As discussed before, the short and long term results of PV isolation are less convincing in patients with persistent and longstanding persistent AF.44-48 As a result, additional substrate modifications, such as linear lesions or ablation of CFAEs, have been proposed for catheter-based ablation of persistent AF.18,21,57 The initial report on CFAE ablation by Nademanee et al. presented very high acute (98%) and 1-year follow-up (91%) freedom of AF rates.21 In this study, no PV isolation was performed. Does this finding challenge the need for PV isolation? It might, but although PV isolation was not performed, the PVs were identified as key areas for CFAEs.21 Estner et al. compared CFAE ablation with PV isolation in combination with CFAE ablation in patients with persistent AF.58 In the CFAE ablation only group, sinus rhythm off AAD was present in 9% after a mean follow-up time of 13 + 10 months, compared to 41% in the CFAE plus PVI ablation group.58 Moreover, Oral et al. randomized patients with long-lasting persistent AF who did not convert to sinus rhythm after PV isolation to CFAE ablation or no further ablation and failed to demonstrate an add-on value of CFAE ablation to PV isolation.59 Because of the dynamic nature of CFAEs and the inability of current algorithms to adequately define CFAEs, it remains challenging to identify sites critical for AF termination.60,61

Also addition of linear lesions has been reported with varying success. For example, Gaita et al. randomized patients with paroxysmal or persistent/permanent AF to 2 different ablation schemes: PV isolation and PV isolation plus left linear lesions.62 The authors reported that addition of linear lesions is more effective in maintaining sinus rhythm off anti-arrhythmic drugs ).62 In contrast, several recent randomized trials failed to show any benefit of additional substrate modifications techniques over PV isolation alone.63-65 Of interest is the STAR AF 2 trial, a large randomized trial evaluating currently used substrate modifications techniques.63 Verma et al. randomized 589 patients with persistent atrial fibrillation to PV isolation alone, PV isolation in combination with CFAE ablation or PV isolation with linear lesions across the left atrial roof and mitral valve isthmus.63 The authors failed to show any benefit in AF freedom between the 3 techniques, independent of AAD-allowance or repeat procedures.63

The poor results of additional substrate modification in patients with non-paroxysmal forms of AF should be interpreted with caution, however, as they might be due to the relative incapacity of catheter-based unipolar RF to create transmural lesions.66 As such, it would be interesting to (re-)evaluate these 3 techniques in patients were effective PV isolation has been proven by electrophysiological testing at a fixed time point after the initial procedure.

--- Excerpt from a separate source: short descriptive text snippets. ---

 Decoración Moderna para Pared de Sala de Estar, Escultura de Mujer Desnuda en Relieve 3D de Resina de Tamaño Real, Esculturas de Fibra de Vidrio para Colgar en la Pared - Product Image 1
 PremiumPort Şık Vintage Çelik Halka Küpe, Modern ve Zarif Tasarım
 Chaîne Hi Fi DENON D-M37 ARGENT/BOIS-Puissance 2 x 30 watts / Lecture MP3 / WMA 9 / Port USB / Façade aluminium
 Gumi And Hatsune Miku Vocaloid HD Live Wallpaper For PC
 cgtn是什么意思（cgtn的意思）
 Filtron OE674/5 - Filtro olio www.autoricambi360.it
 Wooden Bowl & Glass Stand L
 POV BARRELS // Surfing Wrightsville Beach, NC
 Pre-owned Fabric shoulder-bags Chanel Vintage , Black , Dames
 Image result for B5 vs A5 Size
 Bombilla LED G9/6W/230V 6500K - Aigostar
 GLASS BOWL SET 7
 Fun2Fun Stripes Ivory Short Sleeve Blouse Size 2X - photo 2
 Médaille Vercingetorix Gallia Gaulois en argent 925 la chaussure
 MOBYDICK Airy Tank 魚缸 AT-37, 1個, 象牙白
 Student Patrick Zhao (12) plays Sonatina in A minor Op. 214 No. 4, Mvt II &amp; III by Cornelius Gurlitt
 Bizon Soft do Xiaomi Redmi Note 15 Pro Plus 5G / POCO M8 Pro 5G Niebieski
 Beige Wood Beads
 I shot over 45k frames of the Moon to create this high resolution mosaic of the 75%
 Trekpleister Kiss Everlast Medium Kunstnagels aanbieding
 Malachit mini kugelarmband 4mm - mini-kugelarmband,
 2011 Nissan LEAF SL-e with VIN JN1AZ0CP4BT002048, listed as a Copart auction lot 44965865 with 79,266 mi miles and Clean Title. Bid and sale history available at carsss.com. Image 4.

In 2012, Narayan et al. proposed a new ablation technique, focal impulse and rotor modulation (FIRM), based on the hypothesis that localized sources or rotors sustain human AF.23 When comparing FIRM in addition to PV isolation with PV isolation alone, FIRM-guided cases had higher freedom from AF (82.4% vs. 44.9%).67 These promising results were confirmed in a 3-year follow up report.68 However, in these studies FIRM ablation was always performed in combination with PV isolation. Recently, Gianni et al reported that FIRM ablation as a sole therapy, so without PV isolation, in patients with non-paroxysmal AF did not result in AF termination.69 After a mean follow-up of 5.7 months, single-procedure freedom from atrial arrhythmia was 17% without AADs, 28% allowing AADs.69

In conclusion, PV isolation is not only mandatory in catheter ablation of AF; it forms the cornerstone of this therapy. Whether additional substrate modification techniques, in combination with PV isolation or as a sole therapy, are able to improve freedom of AF is unclear at this stage.

Is Pulmonary Vein Isolation Mandatory In Surgical Ablation Of AF?

The fact that all surgical AF ablation techniques include PV isolation makes it difficult to question its need in AF surgery. There are, however, some indirect arguments to support its necessity.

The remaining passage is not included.